Champ Car's tougher - CdM
(GMMF1.NET -- Feb.15) According to ex-F1 driver Cristiano da Matta, it's a tougher ride at the wheel of a Champ Car.

The Brazilian, fired by Toyota mid last year, won the 2002 edition of the American category, and will return in 2005.

Asked which is the toughest open-wheeler, he replied: ''The F1 (car) is easier physically.

''F1 is hard on the neck, with the higher g-force.

''But a Champ Car, because of the braking, no power steering, the manual gearshift, the slick tire -- you're using more muscles. So your heart rate is higher.''

Da Matta also told a media conference that he never thought 'the grass was going to be greener' on the F1 side.

He added: ''I just didn't know what Champ Car's future looked like. And every driver has a dream to try a F1 car.''

F1 on road to radical future
(GMMF1.NET -- Feb.15) The results of two separate studies show that wheel-to-wheel F1 racing could be improved with a radical set of regulations.

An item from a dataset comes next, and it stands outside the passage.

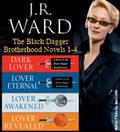 The Black Dagger Brotherhood Novels 1-4 by J.R. Ward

Both Ferrari and the governing FIA, led by Max Mosley, came to the conclusion that overtaking would be bolstered by a massive (up to 90%) reduction in downforce.

''The racing hasn't been brilliant,'' the FIA president - also pushing for a return to slick tires - admitted.

A 90 per cent reduction in a F1 car's aero efficiency would, however, lead to a (roughly) 10 second per-lap speed penalty, running the risk that junior series' - like GP2 - might ultimately be faster.

'Reliable' racers
(GMMF1.NET -- Feb.15) David Coulthard praised the apparent reliability of Red Bull's 'RB1' Formula One racer.

The veteran Scot said he covered more than one 'grand prix distance' at the Jerez test last week.

33-year-old Coulthard added: ''We'll only find out exactly where we are in Melbourne, but at least we're not dealing with any major issue.''

Similarly, Williams - whose ultimate speed is equally also hard to gauge - heralded a mileage-rich session in Spain. This week, the Grove team will unpack at Circuit de Catalunya.

''The (FW27) is proving particularly reliable,'' test team manager Tim Newton commented.

'05 tire 'may not make it'
(GMMF1.NET -- Feb.15) It'll be up to the team and driver, not just the rubber supplier, to ensure a single tire set can make it to the end of a 2005 grand prix.

That's the warning of Michelin competition director Pierre Dupasquier.

He told Reuters that the marque's 2005 long-life product will not be immune to a chronically understeering car, or an overly aggressive pilot.

Dupasquier said that, in such a situation, Bibendum's single set may 'not go to the end.'

The worst part of the new regulation for team principal Sir Frank Williams, though, is the death of the perfectly executed pit stop.